- The prime minister said Malaysia was ‘caught in the middle’ as proponents of free trade indulged in restrictive trade practices ‘on a grand scale’
- He said the big powers should keep out weapons of war in the South China Sea as any tension would affect Asean’s success
Malaysia's reliance on exports means that it must prioritise peace and stability, Prime Minister Mahathir Mohamad said on Monday, especially in areas such as the South China Sea where his government has pushed for demilitarisation of the contested waters.
"We have to maintain peace and stability. At this moment in the Strait of Malacca and the South China Sea, passage of ships are still free without any obstructions. But once people start sending warships into this area, there will be tension," he told the 2019 Praxis conference in Kuala Lumpur, organised by Malaysia's Institute of Strategic and International Studies.
"Our appeal to the big powers is to keep out all these weapons of war in this area. We don't want any accidents, as you know accidents may lead to wars," he said.
"Our appeal seems to be heard by the big powers, so far they have not deliberately created any crisis and to that extent Asean has succeeded together."
Malaysia's economic growth relies on trade, Mahathir said, and so the country needs markets and "cannot afford to make enemies".
He also highlighted how Malaysia could be hit with trade sanctions amid rising protectionism highlighted by the US-China trade war, adding that he was disappointed with the proponents of free trade who were now indulging in restrictive trade practices on a "grand scale".
"Unfortunately, we are caught in the middle," he said.
"Economically we are linked to both markets, and physically we are also caught in between for geographical reasons. There are even suggestions that we ourselves would be a target for sanctions."
The United States and China were two of the three biggest export destinations for Malaysia between January and August this year. Singapore was the top destination.
To cushion the impact of the collision between the superpowers, Mahathir said Malaysia was collaborating more with its regional neighbours.
He also complained of being bullied by powerful nations, referring to a campaign by European countries against Malaysia's agricultural mainstay of palm oil.
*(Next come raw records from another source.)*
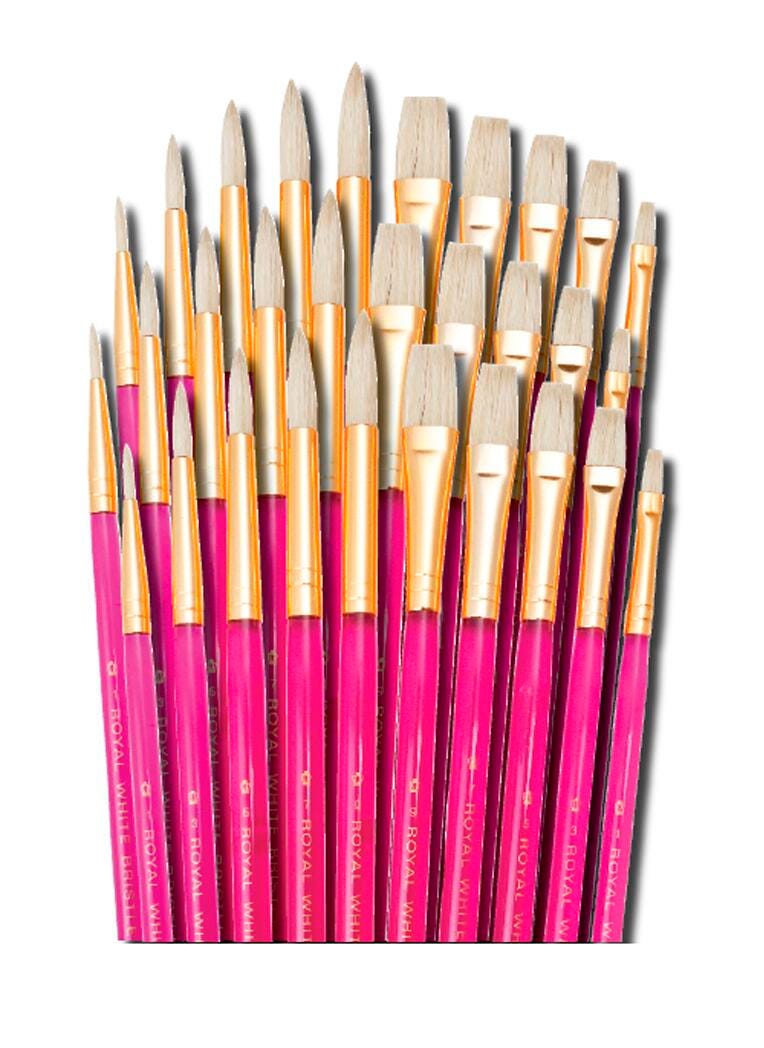 BRUSH WHITE BRISTLE ACRYLIC HANDLE SET OF 30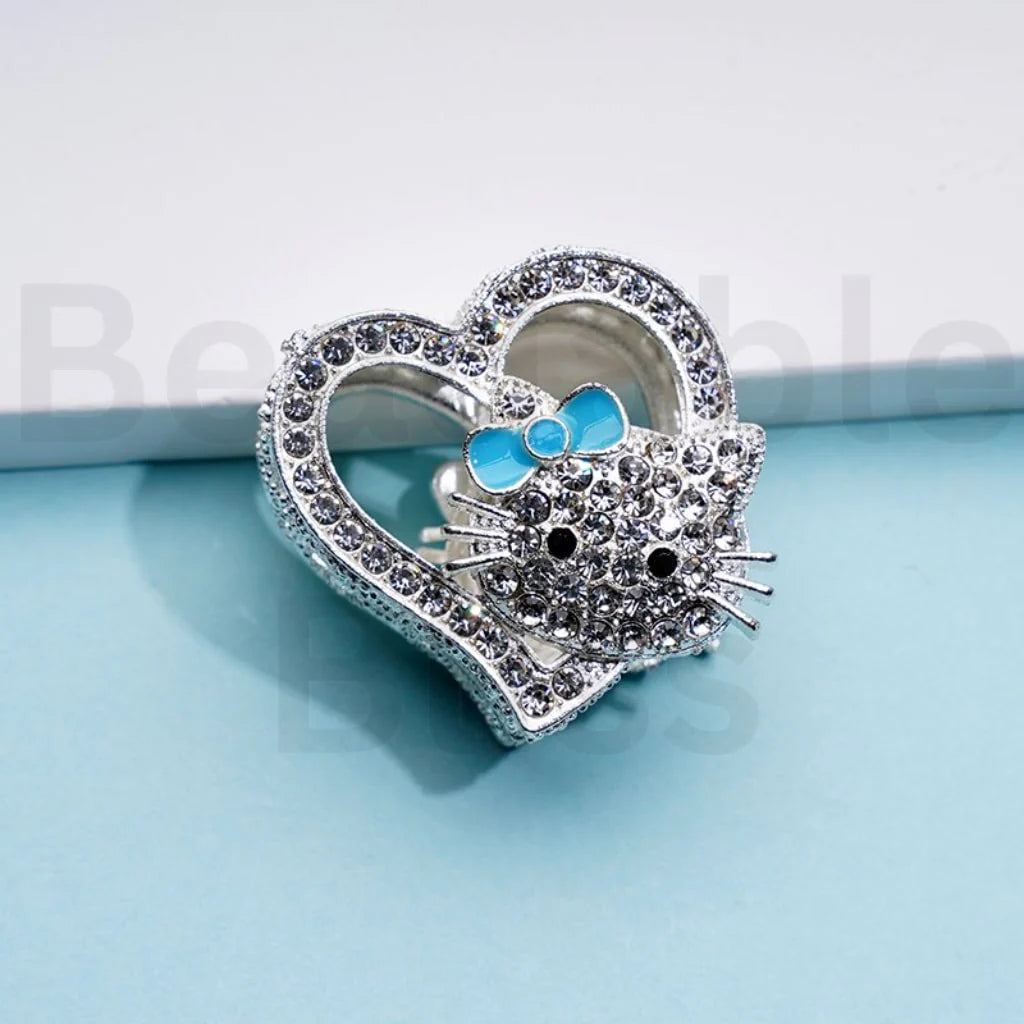 z-Silver Color Metal Beads Vivid Cute Cat Character Kitten with Clear Rhinestones, 27*28 MM Random Mix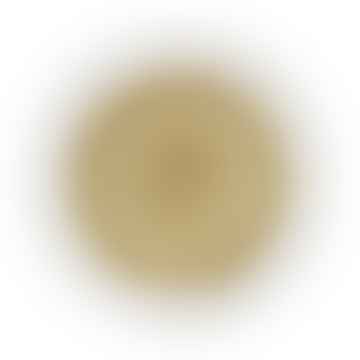 Alfombra redonda de yute con borde blanco de 90 cm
The edible oil contributed 2.8 per cent of Malaysia's gross domestic product last year and 4.5 per cent to total exports.
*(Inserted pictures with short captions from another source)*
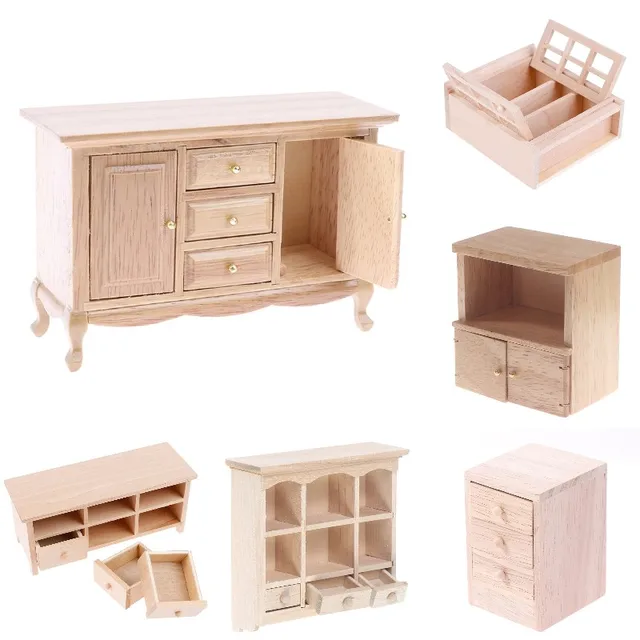 Wood Color 1/12 Dollhouse Miniature Mini Simulated Wooden Cabinet Lockers TV Cabinet With Drawer Furniture Model Toy Accessories 3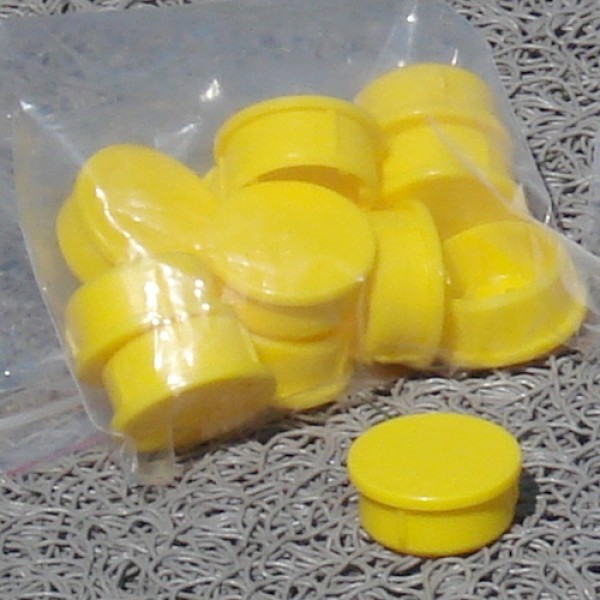 MarkSmart Replacement Ground Socket Plugs for FlexPole and SurePost Poles - (Yellow) - 12 Pack - A-103Y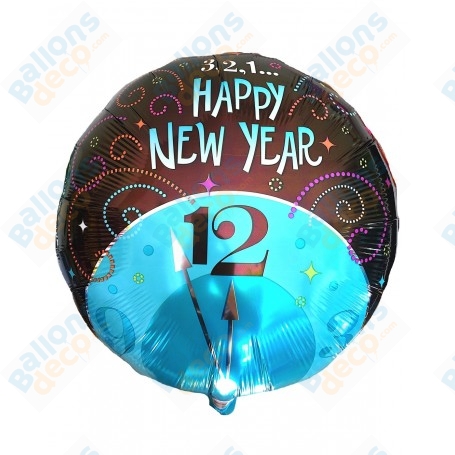 Ballon Happy New Year Horloge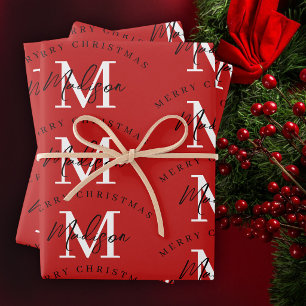 Personalized Merry Christmas Red Monogram Wrapping Paper Sheets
"Having cleared most of their forests and refusing to reduce their noxious emissions, they now try to impoverish the poor by preventing them from clearing their forest for living space and earning a living," he said.
The European Union passed an act earlier this year to phase out palm oil from renewable fuel by 2030 over deforestation concerns.
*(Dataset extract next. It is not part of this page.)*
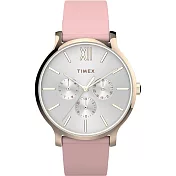 【TIMEX】天美時 復刻系列 三顯仕女手錶  ( 白面 / 粉紅 TXTW2T74300)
There are also concerns that India, one of the biggest buyers of Malaysian palm oil, would restrict imports of the product because of a diplomatic row over comments made by Mahathir on New Delhi's recent actions in the disputed South Asian region of Kashmir.
Last week, Foreign Minister Saifuddin Abdullah spelt out in parliament how China's coastguard vessels had a 24-hour presence around the South Luconia Shoals off the Malaysian state of Sarawak in Borneo.
Despite not wanting conflict, Malaysia's military equipment has to be upgraded "so we are able to better manage our waters should there be a conflict between major powers in the South China Sea," Saifuddin said.
His remarks came just a month after the Pakatan Harapan government, which stormed to power last year in a landmark electoral victory, unveiled a new guiding framework for foreign policy that proposed demilitarising the disputed waterway and turning it into a region of peace, friendship and trade.
China objects to most of Malaysia's maritime claims in the South China Sea because they fall within its controversial "nine-dash line", a geographical marker that stretches as far as 2,000km from the Chinese mainland, reaching waters close to Malaysia, Vietnam and the Philippines.